WHAT TO PRODUCE: In the listing that follows, the range to quote begins at the line that has "These are the few" and ends after the line that has "Look at these"; quote it verbatim and add nothing.

PROVIDED MATERIAL:
────────────────

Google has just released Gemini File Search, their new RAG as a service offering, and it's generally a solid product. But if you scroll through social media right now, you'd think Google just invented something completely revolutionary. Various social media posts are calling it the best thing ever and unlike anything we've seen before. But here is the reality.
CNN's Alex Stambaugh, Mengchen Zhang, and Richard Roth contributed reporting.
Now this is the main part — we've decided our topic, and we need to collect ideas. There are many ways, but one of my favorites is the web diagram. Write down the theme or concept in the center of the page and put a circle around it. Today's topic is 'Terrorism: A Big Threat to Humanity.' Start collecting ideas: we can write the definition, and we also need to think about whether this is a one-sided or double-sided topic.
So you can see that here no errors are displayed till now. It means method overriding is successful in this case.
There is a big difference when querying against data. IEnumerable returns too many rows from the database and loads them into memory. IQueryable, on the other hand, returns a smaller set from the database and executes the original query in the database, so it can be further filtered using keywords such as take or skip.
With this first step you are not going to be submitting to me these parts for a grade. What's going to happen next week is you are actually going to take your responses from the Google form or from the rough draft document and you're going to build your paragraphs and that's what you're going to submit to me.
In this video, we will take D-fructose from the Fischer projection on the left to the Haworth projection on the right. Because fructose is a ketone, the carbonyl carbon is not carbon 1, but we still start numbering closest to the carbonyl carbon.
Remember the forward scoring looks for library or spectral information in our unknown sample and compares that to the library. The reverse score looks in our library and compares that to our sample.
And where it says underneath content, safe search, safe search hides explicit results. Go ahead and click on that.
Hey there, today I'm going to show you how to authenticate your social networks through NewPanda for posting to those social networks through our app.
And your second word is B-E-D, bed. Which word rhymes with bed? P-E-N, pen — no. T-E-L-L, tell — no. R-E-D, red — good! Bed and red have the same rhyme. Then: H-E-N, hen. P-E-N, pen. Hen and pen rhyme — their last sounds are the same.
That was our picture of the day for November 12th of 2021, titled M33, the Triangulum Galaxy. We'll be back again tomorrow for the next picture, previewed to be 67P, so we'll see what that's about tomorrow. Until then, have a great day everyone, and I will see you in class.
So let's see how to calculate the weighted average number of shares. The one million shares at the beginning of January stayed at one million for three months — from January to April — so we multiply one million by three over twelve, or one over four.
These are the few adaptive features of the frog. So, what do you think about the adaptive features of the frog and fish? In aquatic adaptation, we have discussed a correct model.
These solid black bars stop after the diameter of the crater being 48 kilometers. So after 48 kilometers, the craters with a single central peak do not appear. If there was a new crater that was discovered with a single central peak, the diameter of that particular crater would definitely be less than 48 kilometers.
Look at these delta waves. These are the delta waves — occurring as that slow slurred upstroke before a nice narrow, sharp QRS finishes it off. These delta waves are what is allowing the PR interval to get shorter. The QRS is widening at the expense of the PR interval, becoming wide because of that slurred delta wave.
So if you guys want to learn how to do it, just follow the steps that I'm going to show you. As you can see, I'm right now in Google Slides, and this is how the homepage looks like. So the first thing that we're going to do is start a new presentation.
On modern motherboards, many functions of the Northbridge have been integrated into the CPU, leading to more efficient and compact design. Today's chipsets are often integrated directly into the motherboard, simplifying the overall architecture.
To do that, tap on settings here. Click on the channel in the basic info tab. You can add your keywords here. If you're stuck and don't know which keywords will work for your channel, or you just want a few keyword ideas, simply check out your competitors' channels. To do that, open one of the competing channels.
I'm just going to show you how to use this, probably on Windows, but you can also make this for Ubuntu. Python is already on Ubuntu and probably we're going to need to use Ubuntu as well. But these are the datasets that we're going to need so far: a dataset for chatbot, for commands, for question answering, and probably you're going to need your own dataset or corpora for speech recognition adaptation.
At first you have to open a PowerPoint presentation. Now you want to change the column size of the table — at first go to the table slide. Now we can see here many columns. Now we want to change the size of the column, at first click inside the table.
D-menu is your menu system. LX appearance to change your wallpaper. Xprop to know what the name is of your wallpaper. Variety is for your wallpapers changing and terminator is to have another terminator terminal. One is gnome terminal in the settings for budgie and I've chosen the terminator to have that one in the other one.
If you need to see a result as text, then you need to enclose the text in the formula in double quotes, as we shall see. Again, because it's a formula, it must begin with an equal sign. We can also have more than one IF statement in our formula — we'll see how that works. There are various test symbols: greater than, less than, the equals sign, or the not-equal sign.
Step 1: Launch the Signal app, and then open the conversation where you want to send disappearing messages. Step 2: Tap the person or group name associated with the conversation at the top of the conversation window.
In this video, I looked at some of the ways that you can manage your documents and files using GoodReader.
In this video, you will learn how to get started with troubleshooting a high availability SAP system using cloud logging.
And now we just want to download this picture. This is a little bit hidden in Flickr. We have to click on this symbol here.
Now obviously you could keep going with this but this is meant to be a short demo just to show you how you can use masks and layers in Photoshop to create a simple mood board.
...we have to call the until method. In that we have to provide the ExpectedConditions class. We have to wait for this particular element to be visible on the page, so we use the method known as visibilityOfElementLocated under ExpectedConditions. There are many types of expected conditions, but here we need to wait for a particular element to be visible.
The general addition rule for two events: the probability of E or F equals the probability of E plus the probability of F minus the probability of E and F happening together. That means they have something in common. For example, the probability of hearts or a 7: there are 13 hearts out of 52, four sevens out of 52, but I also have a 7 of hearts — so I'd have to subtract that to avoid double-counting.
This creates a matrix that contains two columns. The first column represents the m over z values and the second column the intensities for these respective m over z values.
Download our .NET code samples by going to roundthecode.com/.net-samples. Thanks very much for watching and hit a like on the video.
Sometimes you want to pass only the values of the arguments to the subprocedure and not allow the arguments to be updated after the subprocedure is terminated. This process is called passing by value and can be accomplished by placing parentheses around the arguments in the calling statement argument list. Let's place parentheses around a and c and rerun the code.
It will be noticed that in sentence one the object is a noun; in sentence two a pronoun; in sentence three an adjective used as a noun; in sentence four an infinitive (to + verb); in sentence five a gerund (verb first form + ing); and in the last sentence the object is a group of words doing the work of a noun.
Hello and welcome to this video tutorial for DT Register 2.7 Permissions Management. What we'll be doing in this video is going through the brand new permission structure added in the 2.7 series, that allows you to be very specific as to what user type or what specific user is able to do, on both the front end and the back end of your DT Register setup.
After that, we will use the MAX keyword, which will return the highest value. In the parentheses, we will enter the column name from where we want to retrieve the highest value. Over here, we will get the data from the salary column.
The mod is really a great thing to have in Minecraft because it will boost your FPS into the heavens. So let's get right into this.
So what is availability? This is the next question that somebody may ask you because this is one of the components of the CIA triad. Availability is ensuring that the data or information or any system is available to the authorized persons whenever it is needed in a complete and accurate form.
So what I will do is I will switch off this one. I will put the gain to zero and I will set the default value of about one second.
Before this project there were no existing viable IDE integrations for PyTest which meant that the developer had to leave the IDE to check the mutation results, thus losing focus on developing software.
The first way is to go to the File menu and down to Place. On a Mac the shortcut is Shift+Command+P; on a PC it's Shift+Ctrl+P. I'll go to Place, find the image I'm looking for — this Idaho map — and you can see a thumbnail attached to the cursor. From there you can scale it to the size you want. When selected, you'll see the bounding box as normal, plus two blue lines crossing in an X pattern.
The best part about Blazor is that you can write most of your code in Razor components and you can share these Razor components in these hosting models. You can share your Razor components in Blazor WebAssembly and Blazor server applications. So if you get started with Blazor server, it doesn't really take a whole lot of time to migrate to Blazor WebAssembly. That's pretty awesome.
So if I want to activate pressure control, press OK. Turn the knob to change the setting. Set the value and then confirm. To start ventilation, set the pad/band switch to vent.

────────────────

EXERCISE RESULT:
These are the few adaptive features of the frog. So, what do you think about the adaptive features of the frog and fish? In aquatic adaptation, we have discussed a correct model.
These solid black bars stop after the diameter of the crater being 48 kilometers. So after 48 kilometers, the craters with a single central peak do not appear. If there was a new crater that was discovered with a single central peak, the diameter of that particular crater would definitely be less than 48 kilometers.
Look at these delta waves. These are the delta waves — occurring as that slow slurred upstroke before a nice narrow, sharp QRS finishes it off. These delta waves are what is allowing the PR interval to get shorter. The QRS is widening at the expense of the PR interval, becoming wide because of that slurred delta wave.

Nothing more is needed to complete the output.